**WHAT IS NEEDED:** Exactly the lines from the start of the entries through the line with "Okay, hello everyone." are required in the output, with no pictures among them.

[Stored items]
#####

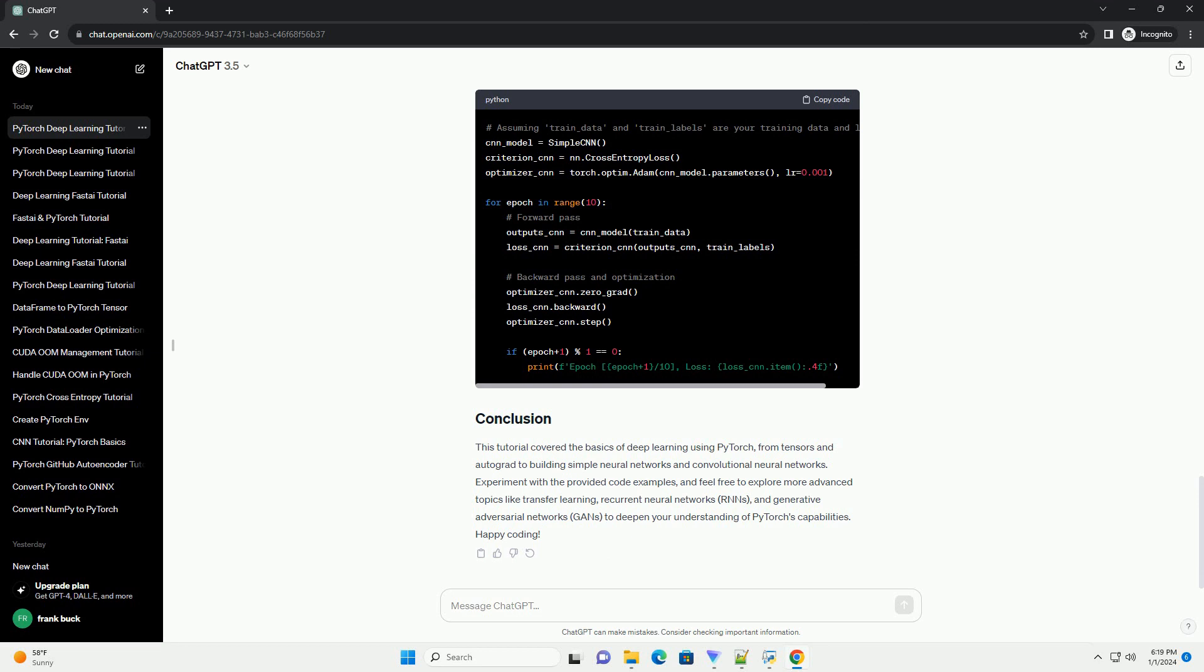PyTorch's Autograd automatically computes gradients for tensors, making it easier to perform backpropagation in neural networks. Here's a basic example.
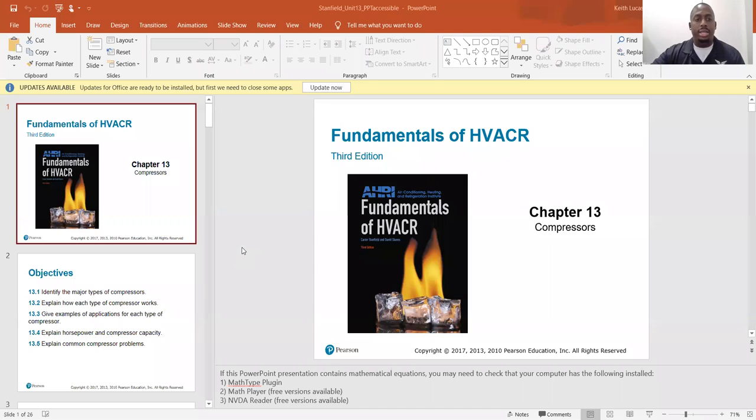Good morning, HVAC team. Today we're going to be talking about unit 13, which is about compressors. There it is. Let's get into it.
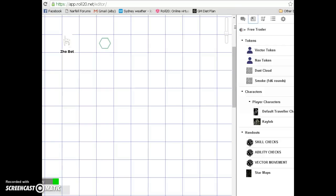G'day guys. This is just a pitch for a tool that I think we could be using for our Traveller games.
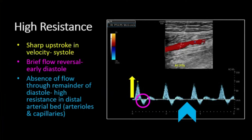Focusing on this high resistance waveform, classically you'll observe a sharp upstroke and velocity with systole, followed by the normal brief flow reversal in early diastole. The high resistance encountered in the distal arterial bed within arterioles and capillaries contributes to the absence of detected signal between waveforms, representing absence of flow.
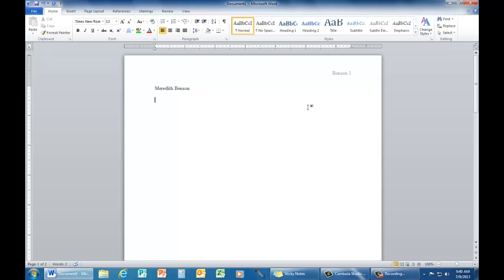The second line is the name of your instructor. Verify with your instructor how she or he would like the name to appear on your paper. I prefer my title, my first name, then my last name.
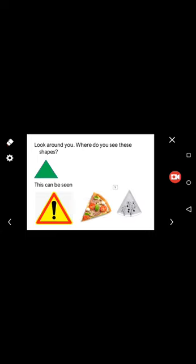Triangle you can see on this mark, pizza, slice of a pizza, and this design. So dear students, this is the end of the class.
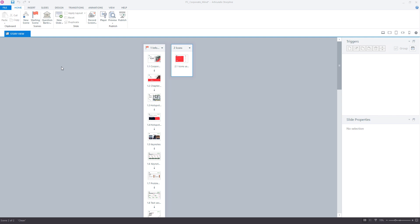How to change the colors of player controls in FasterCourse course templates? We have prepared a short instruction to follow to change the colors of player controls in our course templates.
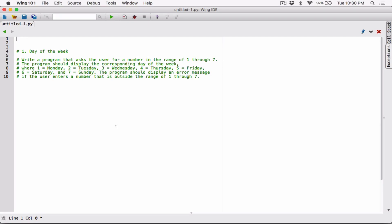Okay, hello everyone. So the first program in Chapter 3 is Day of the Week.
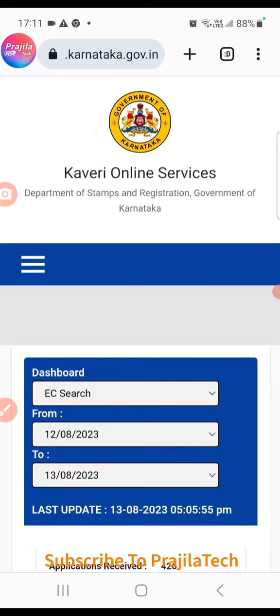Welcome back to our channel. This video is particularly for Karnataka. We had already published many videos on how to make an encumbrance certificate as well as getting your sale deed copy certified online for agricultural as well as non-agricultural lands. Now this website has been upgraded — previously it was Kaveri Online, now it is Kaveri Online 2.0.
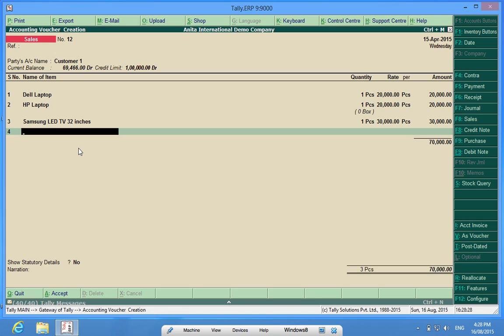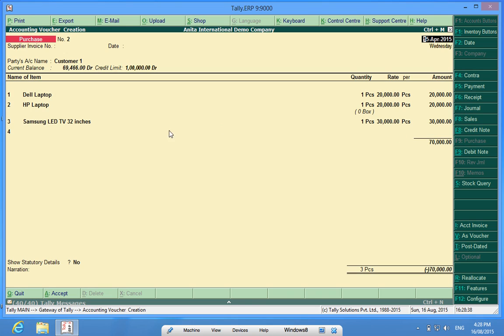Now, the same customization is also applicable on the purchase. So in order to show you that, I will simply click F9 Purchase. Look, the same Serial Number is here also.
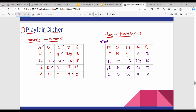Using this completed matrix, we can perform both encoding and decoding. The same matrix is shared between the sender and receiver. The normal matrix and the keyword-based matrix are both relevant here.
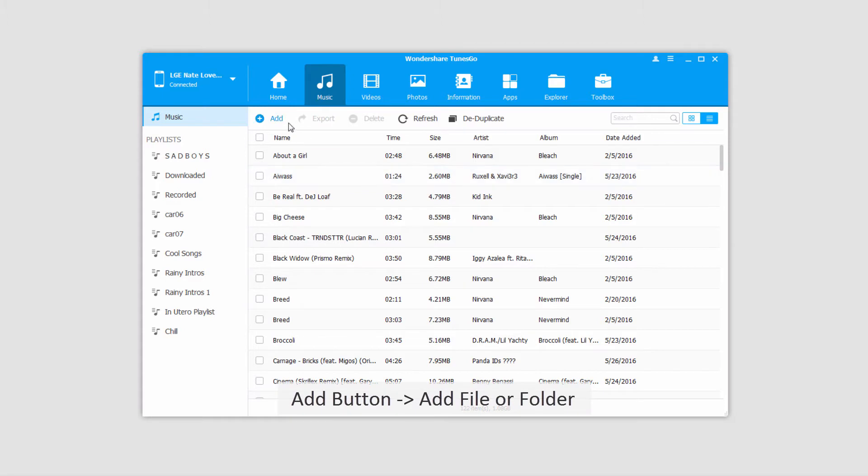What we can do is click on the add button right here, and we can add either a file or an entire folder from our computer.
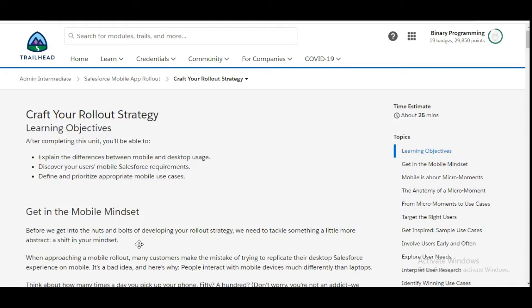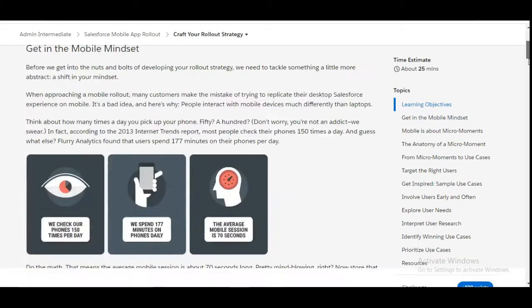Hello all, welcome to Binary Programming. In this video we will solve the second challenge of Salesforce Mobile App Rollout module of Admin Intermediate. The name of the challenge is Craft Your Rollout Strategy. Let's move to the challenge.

#####

**ANSWER SPACE:**
PyTorch's Autograd automatically computes gradients for tensors, making it easier to perform backpropagation in neural networks. Here's a basic example.
Good morning, HVAC team. Today we're going to be talking about unit 13, which is about compressors. There it is. Let's get into it.
G'day guys. This is just a pitch for a tool that I think we could be using for our Traveller games.
Focusing on this high resistance waveform, classically you'll observe a sharp upstroke and velocity with systole, followed by the normal brief flow reversal in early diastole. The high resistance encountered in the distal arterial bed within arterioles and capillaries contributes to the absence of detected signal between waveforms, representing absence of flow.
The second line is the name of your instructor. Verify with your instructor how she or he would like the name to appear on your paper. I prefer my title, my first name, then my last name.
Triangle you can see on this mark, pizza, slice of a pizza, and this design. So dear students, this is the end of the class.
How to change the colors of player controls in FasterCourse course templates? We have prepared a short instruction to follow to change the colors of player controls in our course templates.
Okay, hello everyone. So the first program in Chapter 3 is Day of the Week.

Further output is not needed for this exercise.